The Tech running game, from what I gather, is 99% audibles. Knowing this, the defense can line up in an unfavorable front for the run, then when the play if confirmed, shift into something else and run some goofy disguised coverage. In 2005, OSU (finished 4-7) did this and beat No. 13 Tech 24-17, shutting them out through 2.5 quarters and holding Tech to 10 offensive points. Cody Hodges, post game:
They disguised a lot of their stuff, played a lot of cover-2, which is something we have not seen a lot of this year. That is just another coverage we have to adjust to and we did not do a very good job of that all day.
Asked after the game what he'd have done when faced with that defensive strategy, Mike Gundy replied "I guess I'd just run the ball."
That was 3 years ago so the quote may not be award winningly accurate, and the Stillwater media hasn't quite figured out how to archive it's sports news, apparently. Still the point remains.
Offenses work like a scale. The more areas you attack at once, and the more options you give your QB, the higher the difficult gets for him. Tech has tipped the scale so far that you don't have to focus on anything else but the QB. Don't worry about covering 5 guys at once, worry about biting off the head of the snake.

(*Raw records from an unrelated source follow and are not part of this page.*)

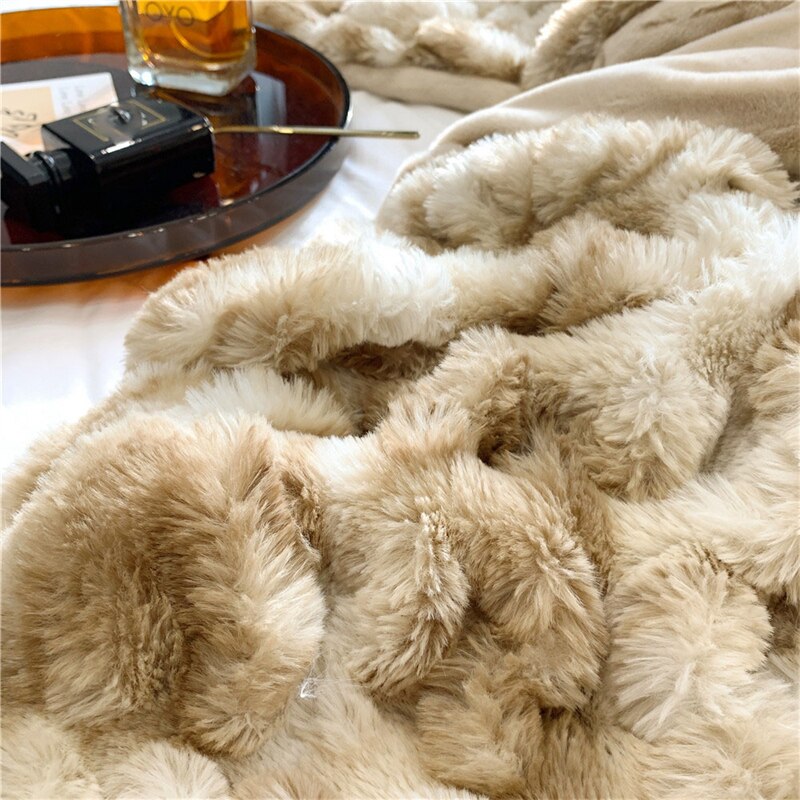 High End Faux Rabbit Fur Winter Warm Blanket Soft Thicken Warmth Sofa Blanket for Throw Home Comfortable Plush Blankets for Beds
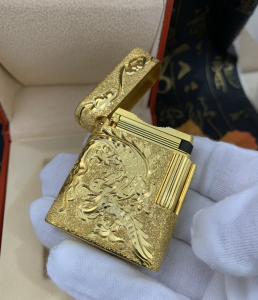 Luxury Womens Lighter ST Dupont Gold Finish Lighter A168PP380 AA158858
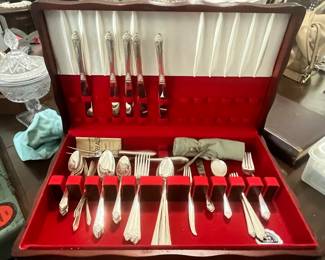 ROGERS BROS. FLATWARE SET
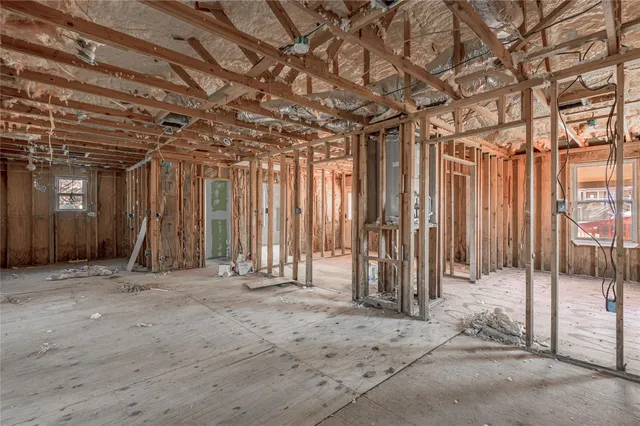 $149,900 | 53 Lakeview Drive, Huntsville, TX 77320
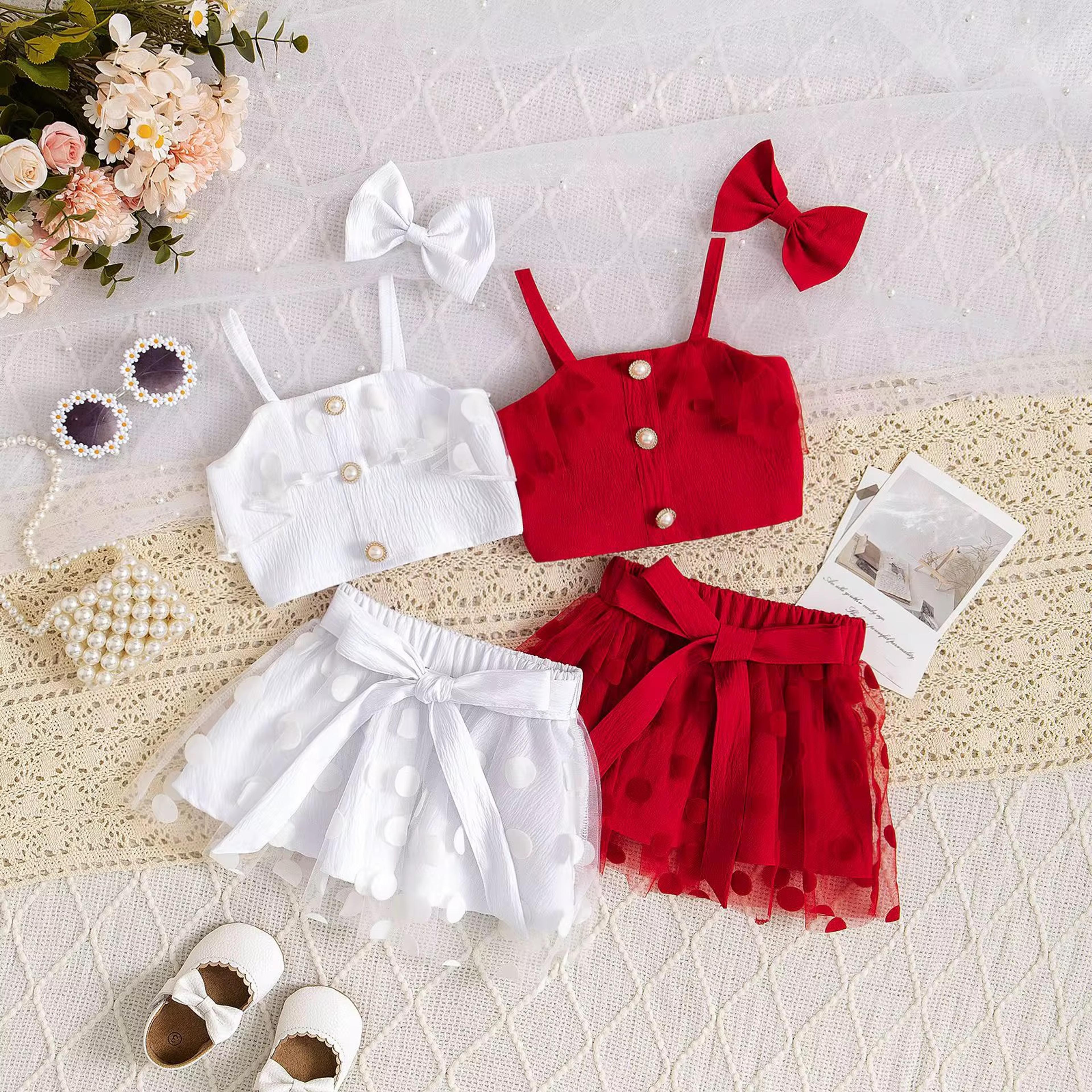 Girls' Elegant 3-Piece Outfit Set thumbnail 2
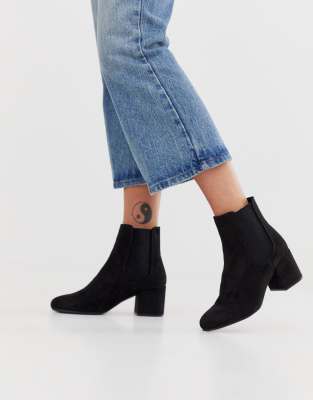 new look faux suede pointed heeled boots in black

In 2000, after Leach bolted OU for Tech, Mark Mangino took over the OU offense and immediately upgraded it to MNC level. All he did was up the usage of the draw and shovel pass type plays and forced the front 7 to respect the RB, and Josh Heupel exploded for what should have been a Heisman Trophy winning season. He was good already, but under Mangino, other players were available to help him, and both Heupel and the OL played at a very high level.
Until Leach recognizes that his system has a fatal flaw, Tech has hit its ceiling.